Der halbe Brexit aber, den Theresa May ausgekungelt hat, würde teuer werden: die EU-Herren (und Damen) haben den Brexit in ein kompliziertes Vertragswerk gepackt, das Britannien, ohne Schaden zu nehmen, nicht verlassen kann. Die Gefahr wird von vielen Konservativen in London auch gesehen und schon kursierten Unterschriftenlisten für ein Misstrauensvotum gegen May. Und die Brexit-freundliche Presse, zugleich die rechte Presse, trommelt gegen den Vertrag.

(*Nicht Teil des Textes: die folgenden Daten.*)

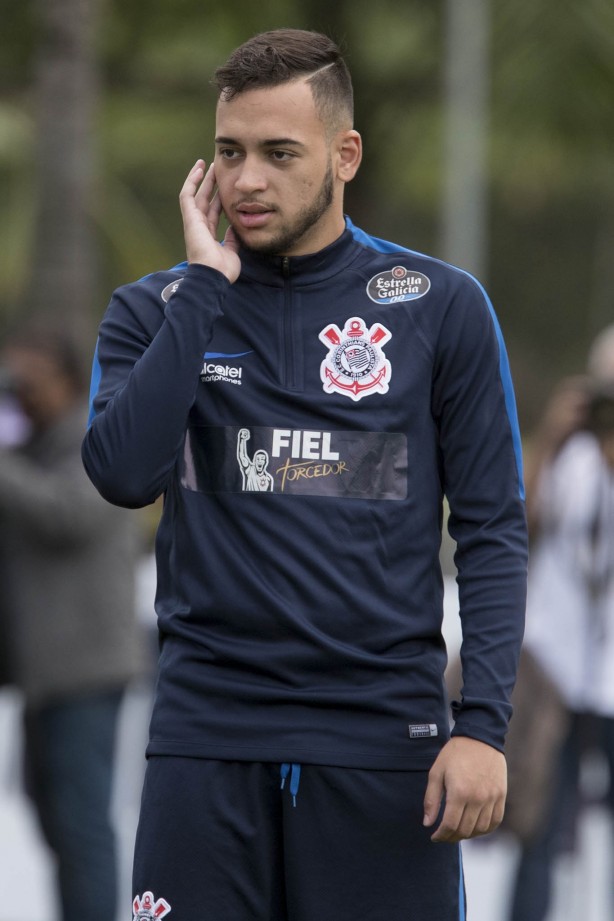 Maycon durante o treino dessa terça-feira no CT Joaquim Grava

Nun soll der Trennungsvertrag im Dezember vom Unterhaus beschlossen werden. Dessen Annahme ist aber fraglich: die Nordirischen Unionisten, mit denen die Premierministerin regiert, lehnen bisher ab. Die Labour ist gespalten, denn es sitzen immer noch üble Kapitulanten von Typ Tony Blair im Unterhaus. Aber wahrscheinlich werden sie es kaum wagen, Frau May zu unterstützen um eine Neuwahl zu vermeiden.
Wie sieht nun das keineswegs großartige Verhandlungsergebnis aus? Antwort: es bleibt alles beim alten. Auch künftig wird es keine Zölle geben und Britannien unterwirft sich den Regeln des Binnenmarktes, die von der EU überwacht werden.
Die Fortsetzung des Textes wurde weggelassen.